Former Director of Communications and Press Secretary to Gov. John Engler, John Truscott, said there are a lot of Snyder “haters” and that people should be focusing on Snyder's positive records.

“He really turned this state around from the depths of a very deep recession where Michigan lost more manufacturing jobs than any other state in the country, and then also created and gained back more manufacturing jobs than any state in the country,” he said.

Snyder is studying and teaching subjects related to state and local governments at Harvard. Truscott admitted that it’s a little unusual and uncommon for governors to become professors.

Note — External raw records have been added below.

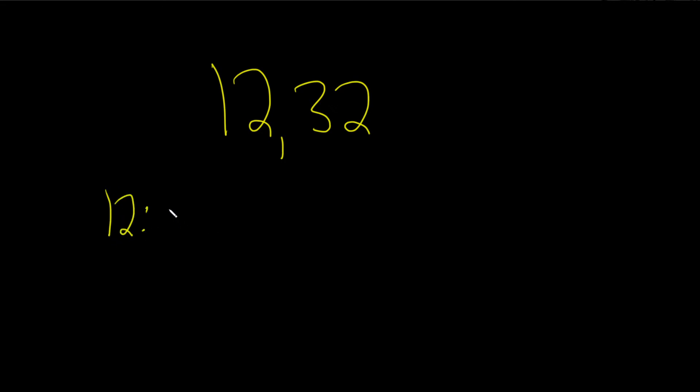Factors of 12 would be 1, 2, 3, 4, 6, and 12. Those are all the numbers that go into 12 evenly. Now I did it pretty fast. If you can't do it that fast, it's okay. Just think about all the numbers that go into 12 evenly. These are called the factors of 12.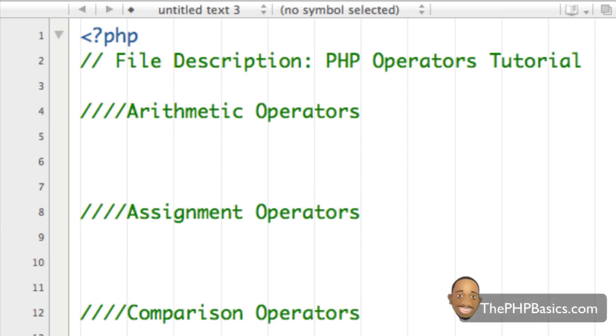Hello everyone. In this tutorial, what I'll be covering is PHP operators. And the first set of operators that I'm going to go over is arithmetic operators.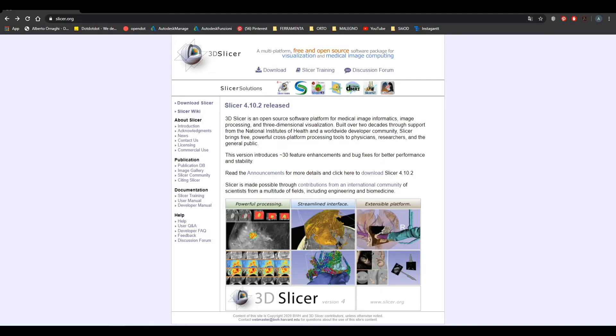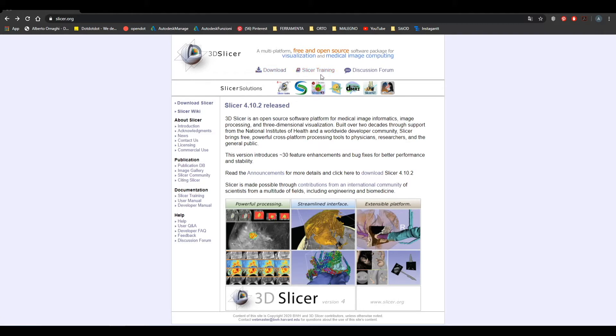3D Slicer is an open source software that allows you to view or process medical images such as MRI or CT scans. On the website slicer.org, in addition to downloading the software, we can find a lot of documentation and a forum made up of a very active community.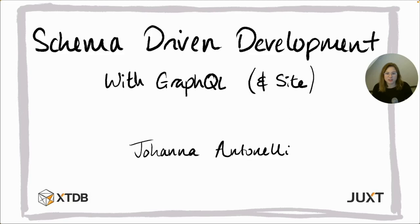Hello Reclosure. My name's Joanna Antonelli. I'm here to talk to you about schema-driven development with GraphQL and Cite. Thank you for having me.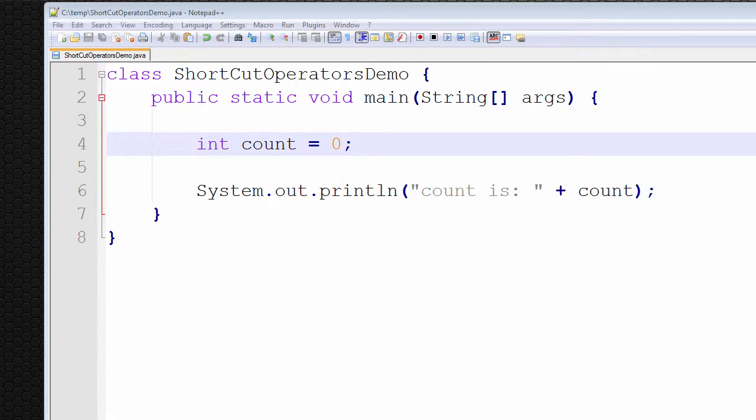Hello and welcome. In this video tutorial we're going to discuss the shortcut operators in Java. We'll also discuss two different forms of notation: the prefix and postfix notations of the shortcut operators.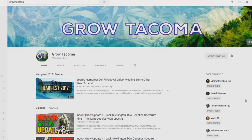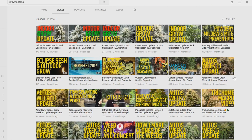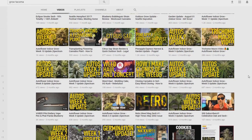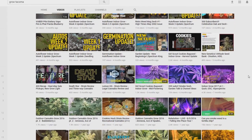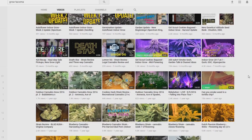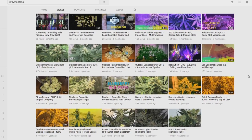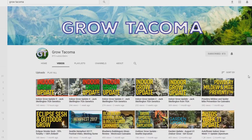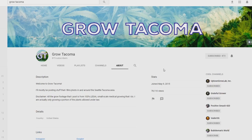Channel shoutout this week is going to Grow Tacoma. He's been showing me some love recently by watching and commenting on my videos, so I figure I'd show him some love back by giving him the shoutout. He's got some beautiful plants growing and he produces some quality videos. He's just shy of hitting 1,000 subscribers, so go over to his channel, hit that subscribe button, and comment on one of his videos and let him know that Mr. Grow It sent you.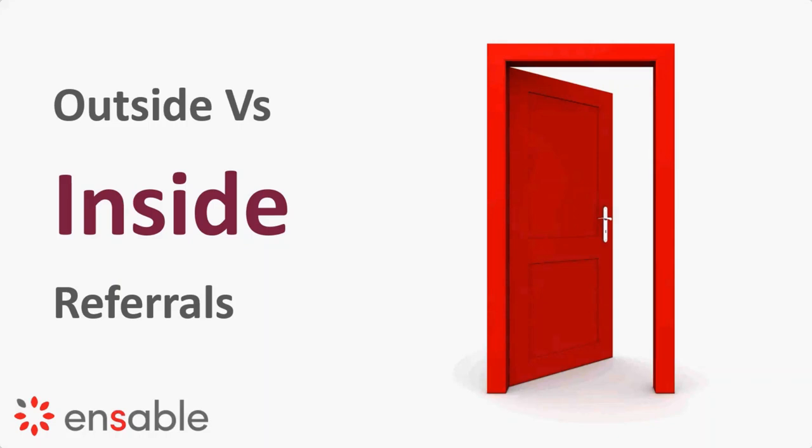There's another reason why we like to work with software developers, because we found it's much more effective to work with people that are impacted by the technology rather than the people that actually write the checks. This is what we call an inside referral or an internal cheerleader or advocate. So working with software developers, their solutions work better when they talk to other applications.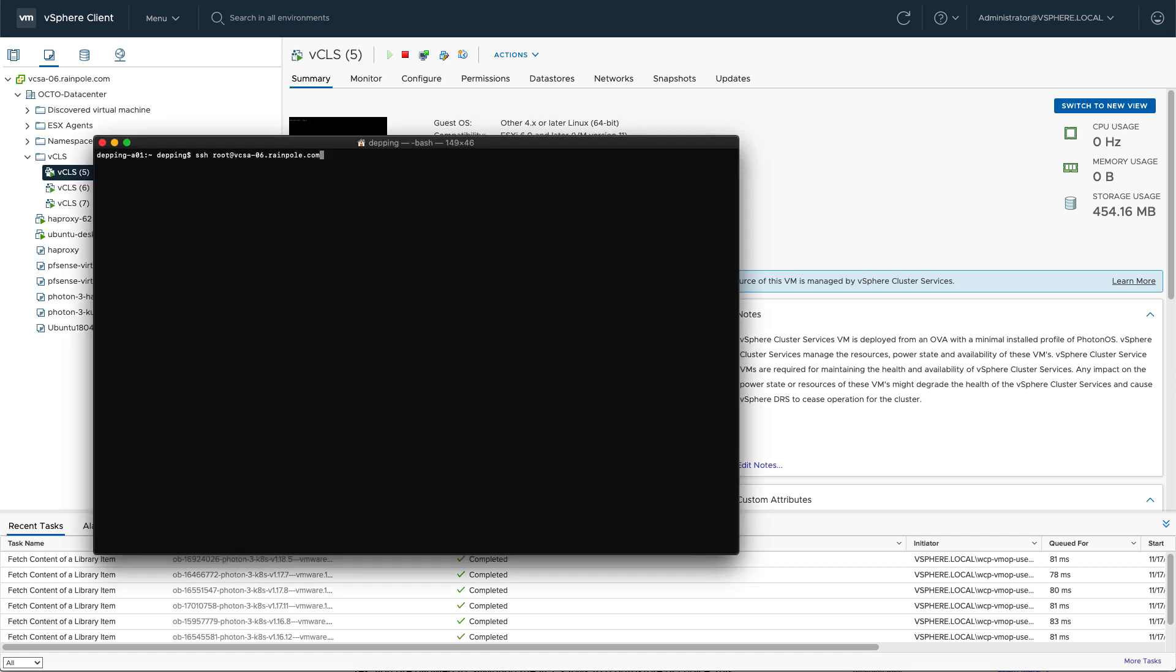You can actually log into these virtual machines. You simply need to go to the vCenter appliance first and run this command to retrieve the vCLS password. After you have the vCLS password, you can now log in using the root account.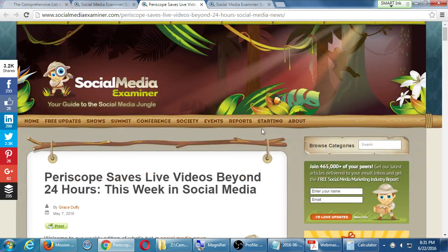Does anyone have an opinion on other kinds of sites like this that you might like to visit? Social Media Examiner is the big one, so that's a good one to go into.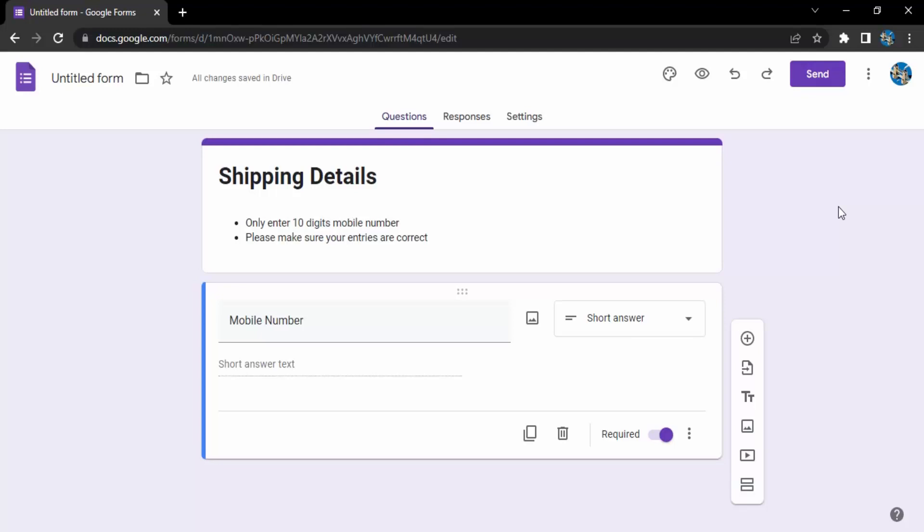Hello everyone, welcome to Google Form Tutorials. In this video we are going to see how we can add multiple fields of different types of questions into our Google Form.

“A lot of former governors or high-level politicians will go to be on the board of a major university, or something like that, but I would say it’s more rare that they actually go teach,” he said.

Former Gov. Engler was appointed to the National Assessment of Educational Progress board after leaving office, and served as Michigan State University’s interim president before resigning earlier this year.

Truscott said Snyder’s background in law and accounting provides a unique skillset.

“[Snyder] was a very non-traditional governor, in that he was not a politician," Truscott said. "He brought a business perspective to the office that I think is very valuable for students to learn from, and really a different approach to governing.” 

In 2017, former Michigan Governor Jennifer Granholm was granted a spring fellowship at the University of Chicago Institute of Politics. She's currently a Senior Research Fellow at the Berkeley Energy and Climate Institute, and teaches policy at the Goldman School of Public Policy at the University of California, Berkeley.

Harvard has granted various fellowships to governors and other politicians throughout the years. Former White House Press Secretary Sean Spicer was a fellow at Harvard Kennedy School’s Institute of Politics fall of 2017, as well as former Ohio Gov. Ted Strickland in Spring of 2012, and former New Mexico Gov. Bill Richardson in the Spring of 2011.

Beyond fellowships, it's not uncommon for universities to grant awards and honors to politicians. In May, Grand Valley State University's Hauenstein Center for Presidential Studies awarded former Governor of South Carolina and former United Nations Ambassador, Nikki Haley, the Col. Ralph W. Hauenstein Fellowship Medal, which was protested by some GVSU faculty.